"Sebagian besar partai politik masih saja mencalonkan orang-orang lama dari internal partai. Kemungkinan muncul wajah baru, yaitu konvensi Demokrat dan isu Megawati berencana menggandeng Jokowi," ujar pengamat politik dari Universitas Moestopo (Beragama), Usmar Ismail, di Jakarta, Senin.
Megawati Soekarnoputri memiliki catatan khas: tidak pernah menjadi menteri melainkan langsung wakil presiden, lalu menjadi presiden, dan dua kali kalah dalam putaran Pemilu 2004 dan Pemilu 2009.
Pada 2009, dia kalah lagi dari bekas anak buahnya di kabinet, Susilo Yudhoyono, yang kini menjadi presiden keenam Indonesia. Megawati Soekarnoputri tidak pernah hadir pada upacara peringatan kemerdekaan Indonesia, 17 Agustus, di Istana Merdeka, pasca kepemimpinannya.
"Untuk saat ini, mungkin akan sulit bagi bakal calon presiden dan calon wakil presiden dari nonpartai untuk mendapatkan 20 persen suara pemilih karena masing-masing partai politik sudah memiliki jumlah pendukung tetap," kata Ismail.
Sebelumnya, Institute for Transformation Studies (Intrans) melakukan riset bertema persepsi dan sikap pemilih terhadap asosiasi dan atribut kandidat presiden dan wakil presiden pada 2014.

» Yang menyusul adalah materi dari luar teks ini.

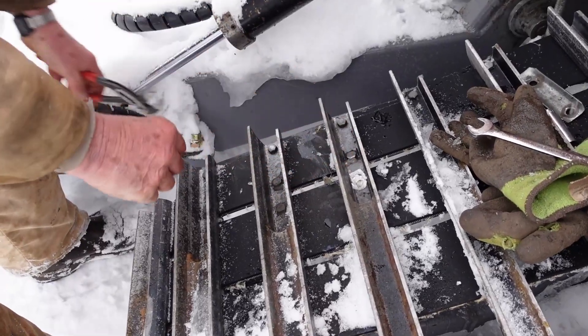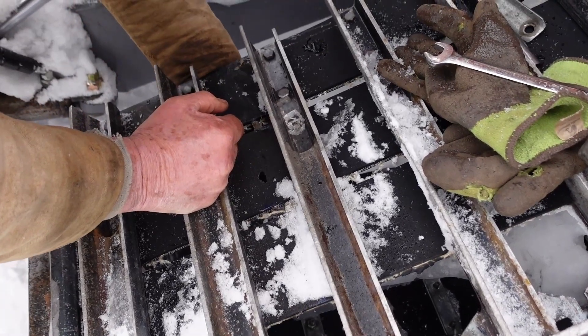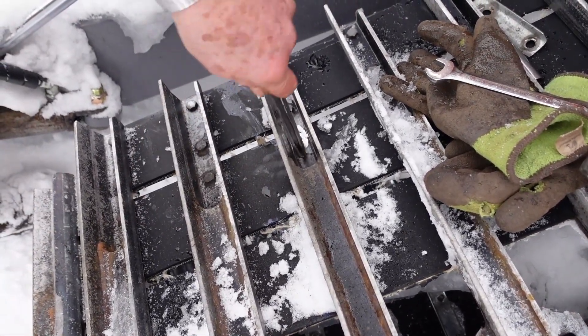You can see how it's loose around there. I'm going to have to get a punch, I guess, to knock it out.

Salah satu fakta dari hasil jajak pendapat dengan metode kualitatif tersebut menunjukkan responden lebih memilih pemimpin muda ketimbang pemimpin yang sudah senior.
"Akademisi melihat pemimpin yang kompeten tidak berdasarkan usia namun berdasarkan pengalaman, keberanian mengambil keputusan, serta memiliki rekam jejak yang baik," lanjut Usmar.
Namun, katanya, tidak menutup kemungkinan wajah-wajah baru dengan ide-ide inovatif untuk Indonesia yang lebih baik di masa depan akan menggantikan dominasi wajah lama tersebut.
Kehadiran wajah baru merupakan alternatif dari kebosanan masyarakat akan capres dan cawapres yang itu-itu saja.
Dominasi tersebut sangat mungkin terjadi apabila calon pemimpin muda dapat menarik suara sekitar 30 persen pemilih pemula, lanjut Ismail.